- Opening Delimiter -

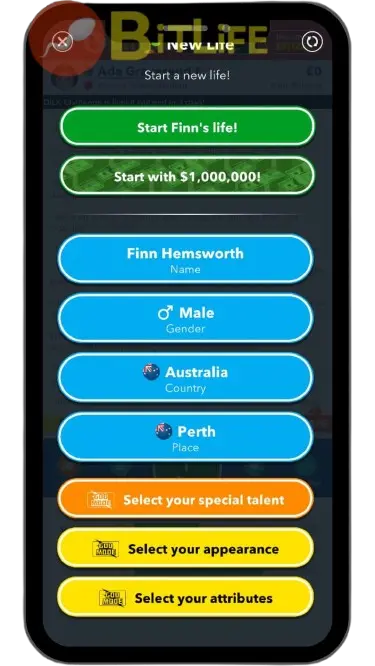 Bitlife MOD APK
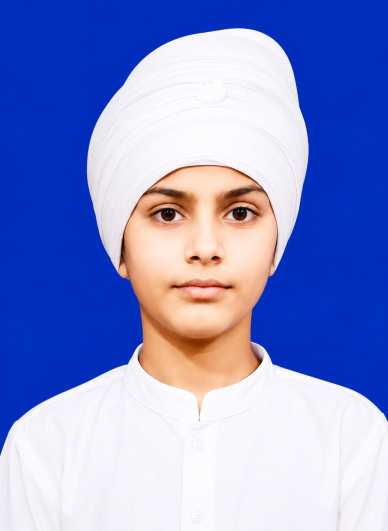 Jagbir Singh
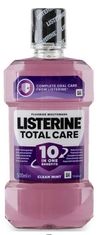 Listerine Listerine, Total Care, ústní voda, 600 ml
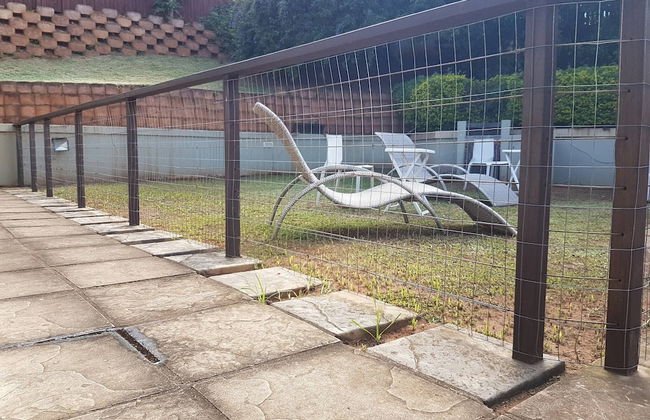 Fairview Bed And Breakfast - Double Room 1 - Foto 30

- Closing Delimiter -

* WHAT YOU NEED TO DO
Leave out the pictures, and write out all the remaining data above exactly.

* REPLY
 Bitlife MOD APK
 Jagbir Singh
 Listerine Listerine, Total Care, ústní voda, 600 ml
 Fairview Bed And Breakfast - Double Room 1 - Foto 30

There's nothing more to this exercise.